Well, thank you, Dee!  And yes, I know. 
Mallorn...
I mean, thank you for your flattery.



FaeryBee said:


> *Wonderful photo shoot, Princess Mallorn!
> Your loyal subjects are thrilled to have been allowed to view the efforts made by your photographer although we know the images can't possibly pay completely proper homage to your royal beauty.*


Ah, thank you Miss Deb. Yes, I quite agree!
I'm sure she does  Thanks for looking, Deb!



Jonah said:


> Oh Miss Mallorn, even the filtered len's cannot dull your natural beauty. Your human must heavily invest in the latest and most sophisticated anti budgie technology or she will lose you for sure...:spy:...


Thank you, dear subject. 
Oh, Randy, don't worry, I have armed guards 



Pretty boy said:


> I would say Mallorn will even beat The Kardashians to be on the cover. , wait a minute you better put a No GO Zone on the name Mallorn  I heard a rumour no more Direction names are going to be used for this next baby. :budgie:


Haha, I bet she did. I think she's prettier than any Kim, Chloe, or Kanye or whatever their names are  Hopefully there are no more directions, I had enough from North East
Or was it South West
Isn't that an airline? 








Yep, it is. 
:laughing:
Oh, it was North West. Silly me!


----------



## RavensGryf (May 8, 2015)

Oh I must buy the June issue of Budgie Vogue!! I see the cutest little model just loving the camera  You can tell she's enjoying the photo shoot and posing!  Very adorable!


----------



## aluz (Jul 24, 2011)

The camera loves Mallorn and the Princess loves to be on the spotlight, it's only natural that the next step would be the cover on Budgie Vogue magazine! 

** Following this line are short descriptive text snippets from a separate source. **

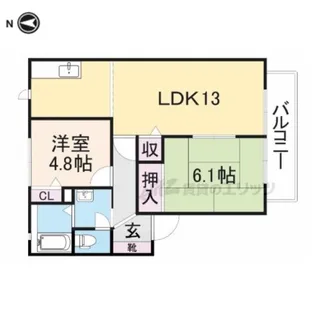 シャルマンハイツ【1階】の間取り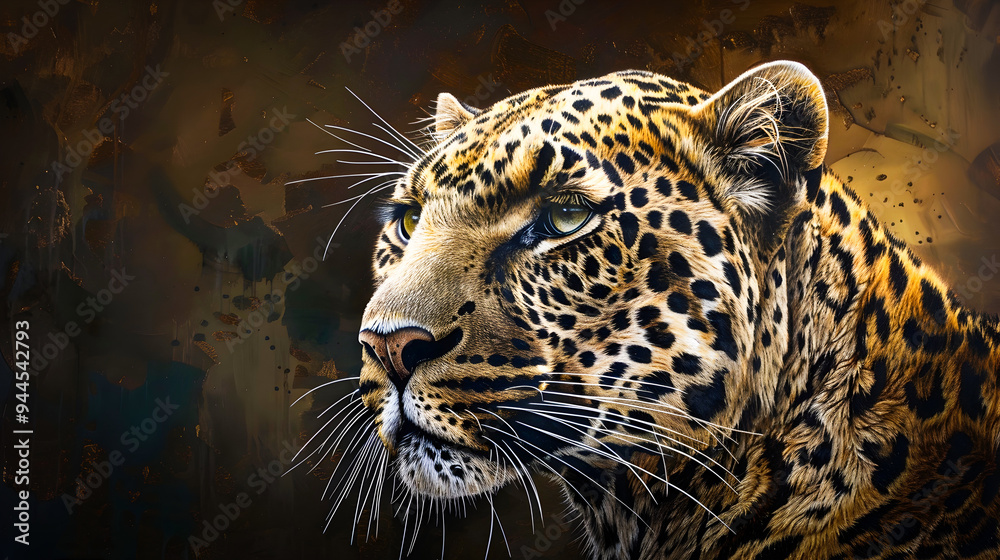 Fototapeta premium Captivating close up portrait of a majestic leopard showcasing the strength grace and fierce beauty of this iconic wild cat species The leopard s striking spotted fur intense gaze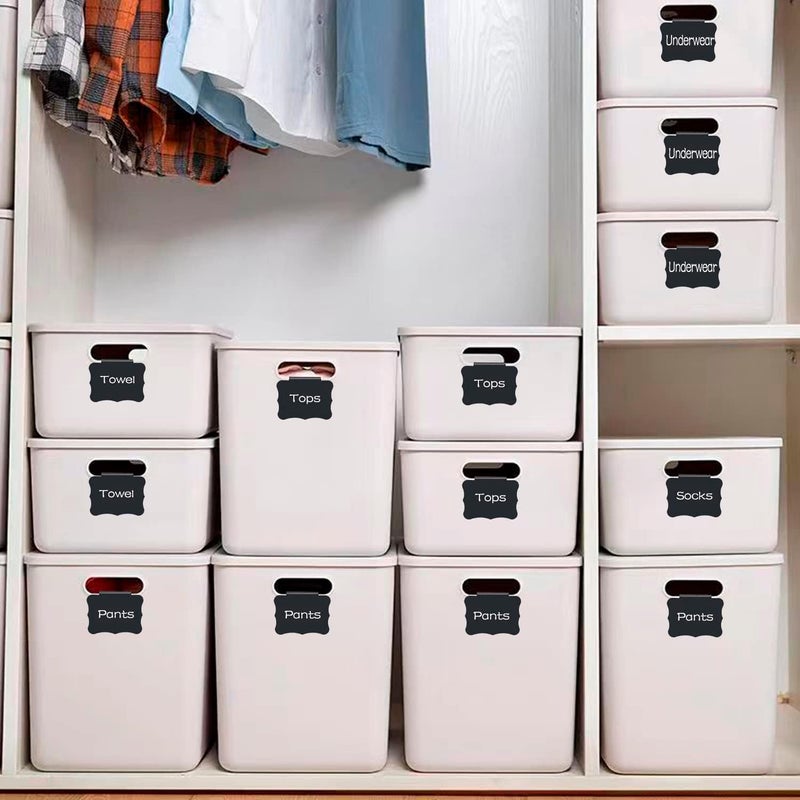 badigo Reusable Storage Bin Labels - Clip On Closet & Basket Holder with 2 White Chalk Labels - Image 5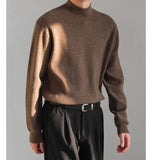 Korean Fashion Men Sweater Light Luxury Trendy Mock Neck Knitted Solid Color Pullover Premium Quality Long Sleeve Basic Knitwear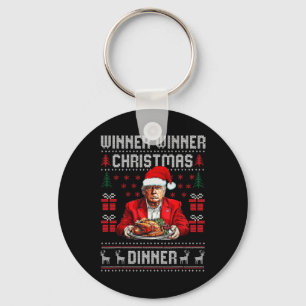 Winner Winner Christmas Dinner Santa Trump Ugly Sw Key Ring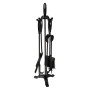 Oxeo Ensemble Outils de cheminée Acier forgé - Support d'outils Pince à feu Pelle Brosse Tisonnier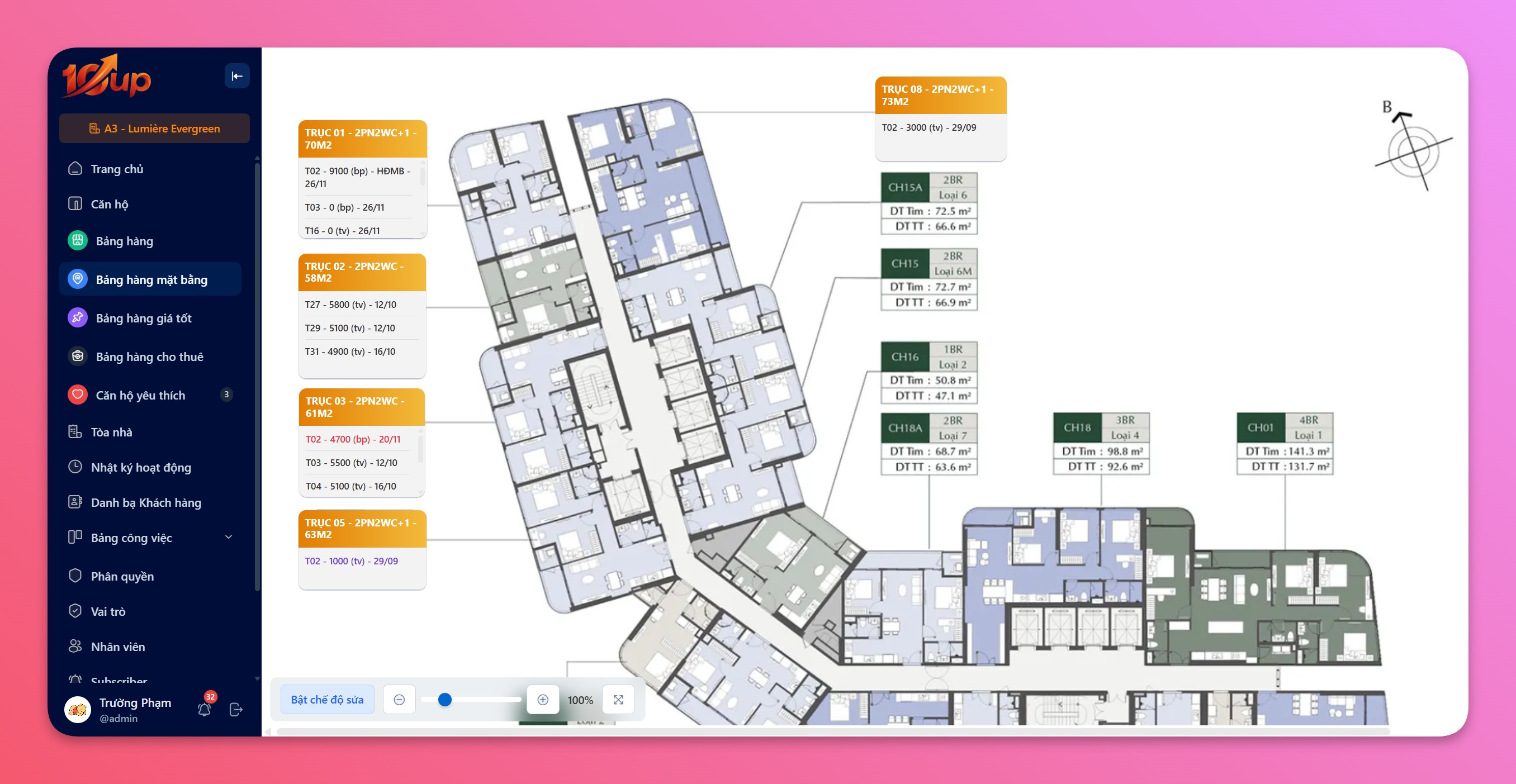 Bảng hàng mặt bằng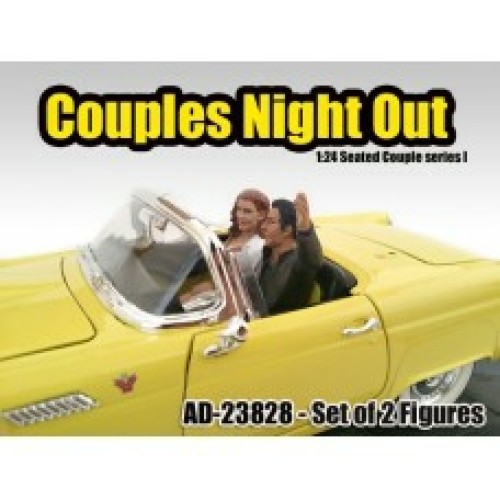 AD23828 - 1/24 COUPLES NIGHT OUT SET I, 2 FIGURES SITTING IN A CAR.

For some reason I just remembered Tyra Banks' American's Next Top Model, the part where the models had to do the video shoot and say: "Easy, breezy, beautiful... CoverGirl."


----------



## Niamhf (Dec 17, 2013)

My goodness Mallorn sure loves the camera, look at that smile in the last picture!
I hear the millet diet is all the craze now and all the teen budgies will do ANYTHING to get their beaks on it and sport the Mallorn look!🐦


----------



## deriksen (Dec 5, 2014)

Such a little star, she is! She definitely gets to be the cover girl this month


----------



## despoinaki (Aug 4, 2012)

You are definitely a growing Star, Princess Mallorn!  
Easy, breezy, beautiful cover girl!


----------



## StarlingWings (Mar 15, 2013)

RavensGryf said:


> Oh I must buy the June issue of Budgie Vogue!! I see the cutest little model just loving the camera  You can tell she's enjoying the photo shoot and posing!  Very adorable!


Haha, a little birdie told me it would be a good one this month!  Thank you Julie! 
Hmm, wonder who the cute model is? Oh, right. Me!!
Shh!



aluz said:


> The camera loves Mallorn and the Princess loves to be on the spotlight, it's only natural that the next step would be the cover on Budgie Vogue magazine!
> 
> For some reason I just remembered Tyra Banks' American's Next Top Model, the part where the models had to do the video shoot and say: "Easy, breezy, beautiful... CoverGirl."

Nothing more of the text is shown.